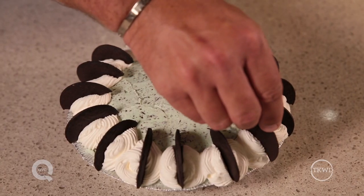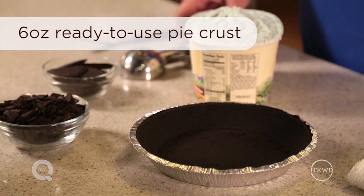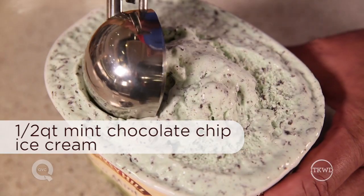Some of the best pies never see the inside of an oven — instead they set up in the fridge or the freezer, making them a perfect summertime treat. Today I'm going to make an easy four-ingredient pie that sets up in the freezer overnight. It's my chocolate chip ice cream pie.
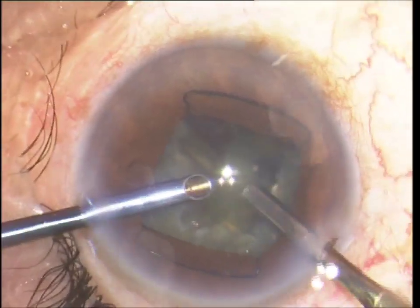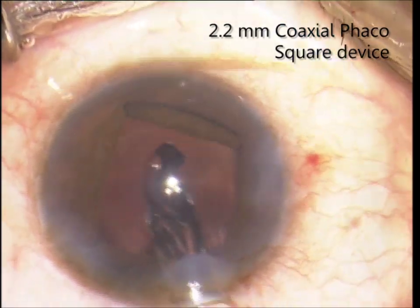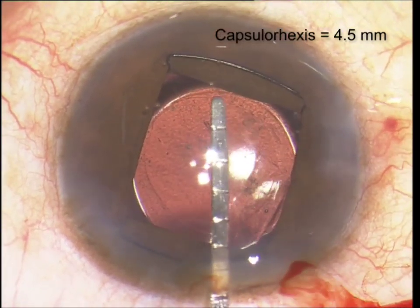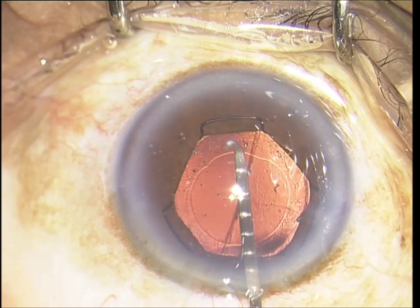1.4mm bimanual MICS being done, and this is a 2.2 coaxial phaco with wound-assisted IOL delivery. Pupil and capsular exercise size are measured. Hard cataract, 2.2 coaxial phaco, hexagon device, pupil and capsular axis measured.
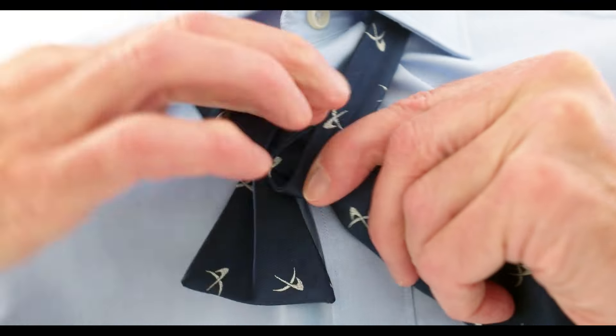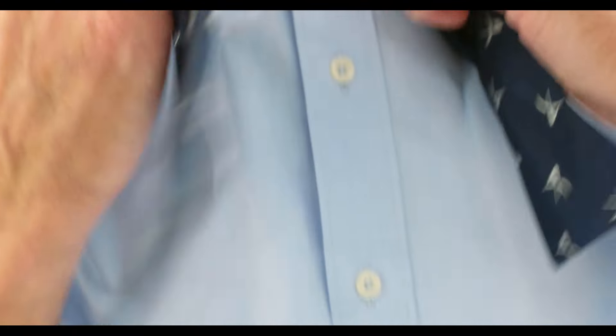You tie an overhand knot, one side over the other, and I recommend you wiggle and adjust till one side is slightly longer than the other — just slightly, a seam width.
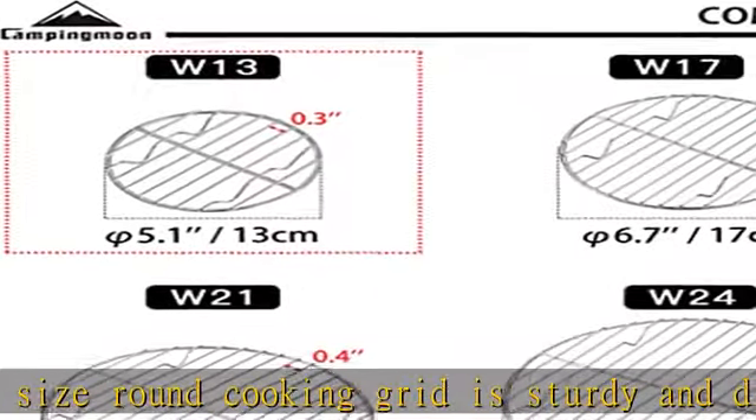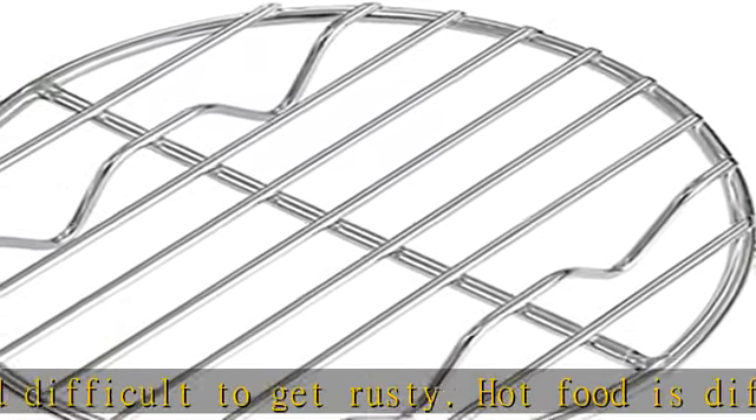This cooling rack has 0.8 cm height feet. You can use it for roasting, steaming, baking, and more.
......
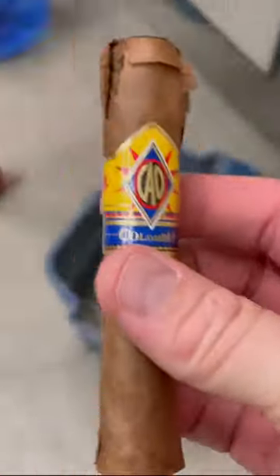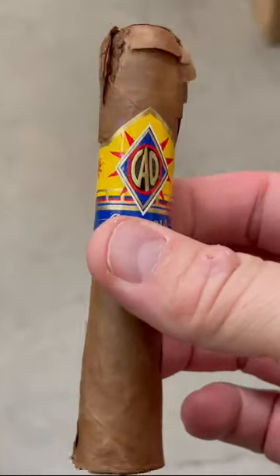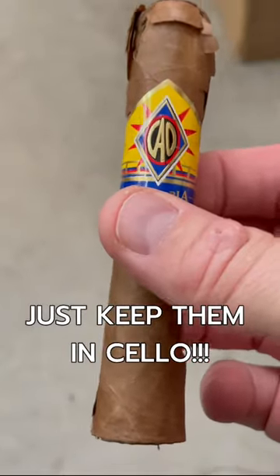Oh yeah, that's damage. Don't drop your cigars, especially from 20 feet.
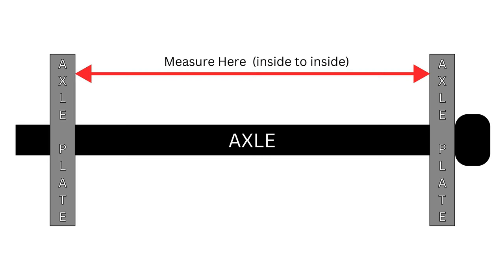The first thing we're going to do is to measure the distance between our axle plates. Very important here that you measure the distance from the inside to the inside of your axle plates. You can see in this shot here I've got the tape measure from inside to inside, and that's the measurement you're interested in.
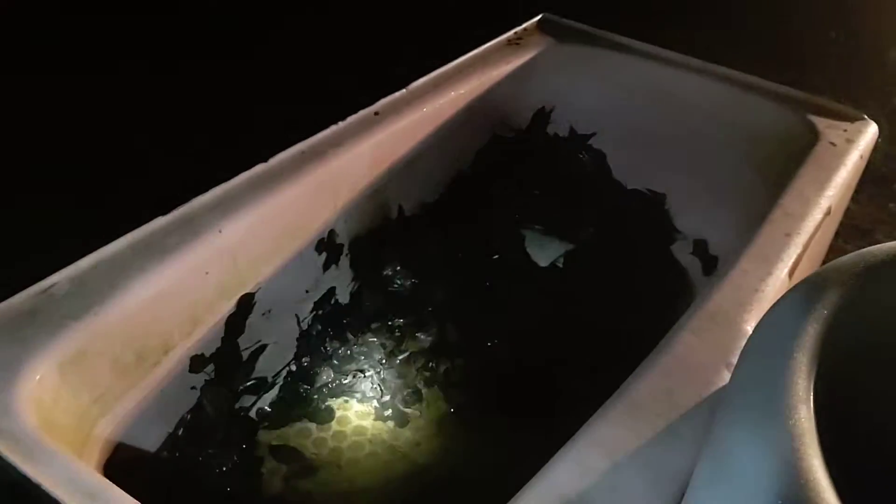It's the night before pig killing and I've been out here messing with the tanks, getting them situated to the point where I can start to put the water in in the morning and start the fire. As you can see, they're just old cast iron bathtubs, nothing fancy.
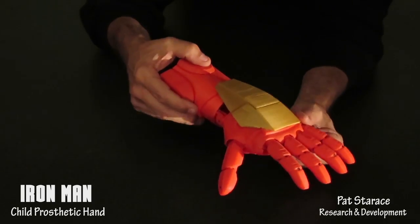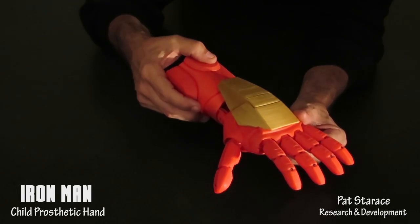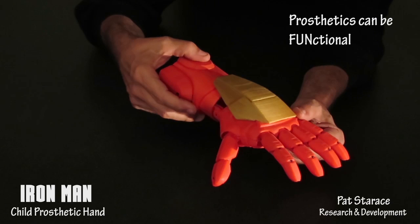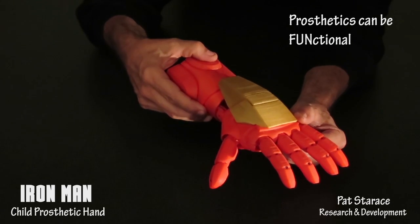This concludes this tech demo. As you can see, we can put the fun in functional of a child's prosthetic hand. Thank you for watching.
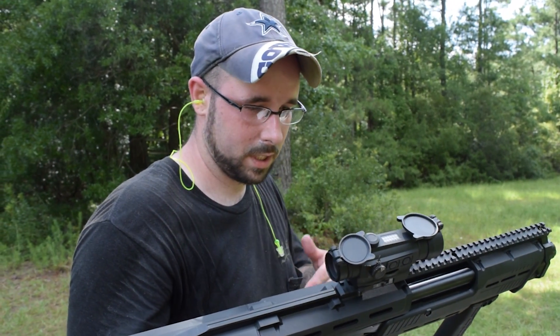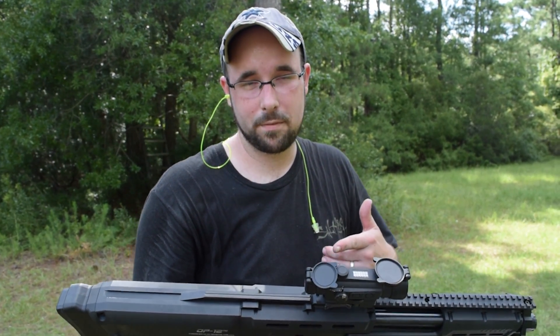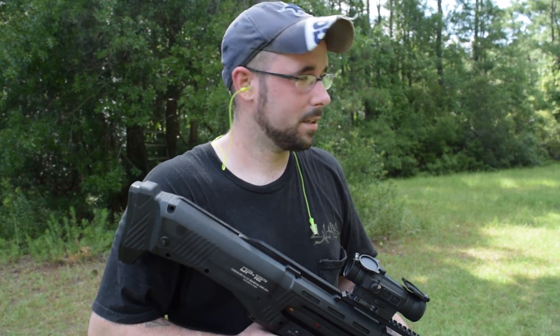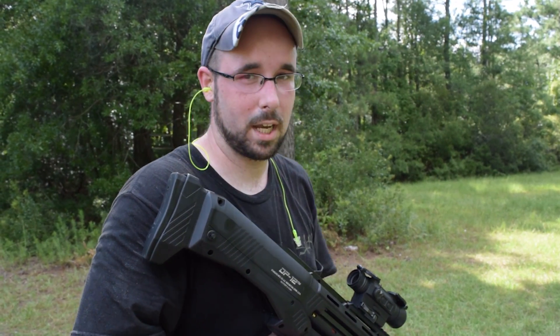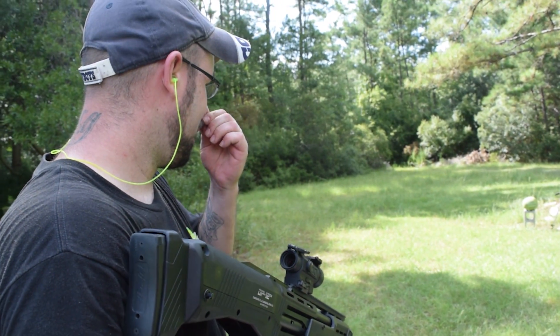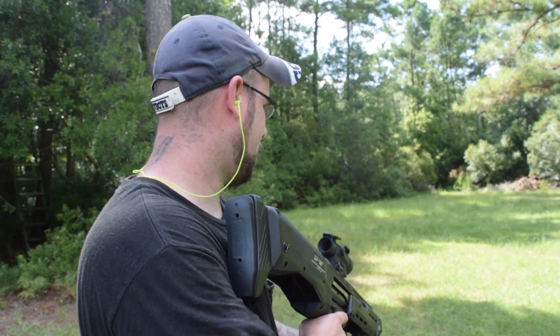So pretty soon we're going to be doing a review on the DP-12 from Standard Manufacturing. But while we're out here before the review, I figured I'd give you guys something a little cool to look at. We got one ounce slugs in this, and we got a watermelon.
......
- Task goal
Reproduce the entries exactly, from the line with "Some of the" to the line with "1.4mm bimanual MICS", both lines included, keeping no pictures.

- Finished exercise
Some of the best pies never see the inside of an oven — instead they set up in the fridge or the freezer, making them a perfect summertime treat. Today I'm going to make an easy four-ingredient pie that sets up in the freezer overnight. It's my chocolate chip ice cream pie.
1.4mm bimanual MICS being done, and this is a 2.2 coaxial phaco with wound-assisted IOL delivery. Pupil and capsular exercise size are measured. Hard cataract, 2.2 coaxial phaco, hexagon device, pupil and capsular axis measured.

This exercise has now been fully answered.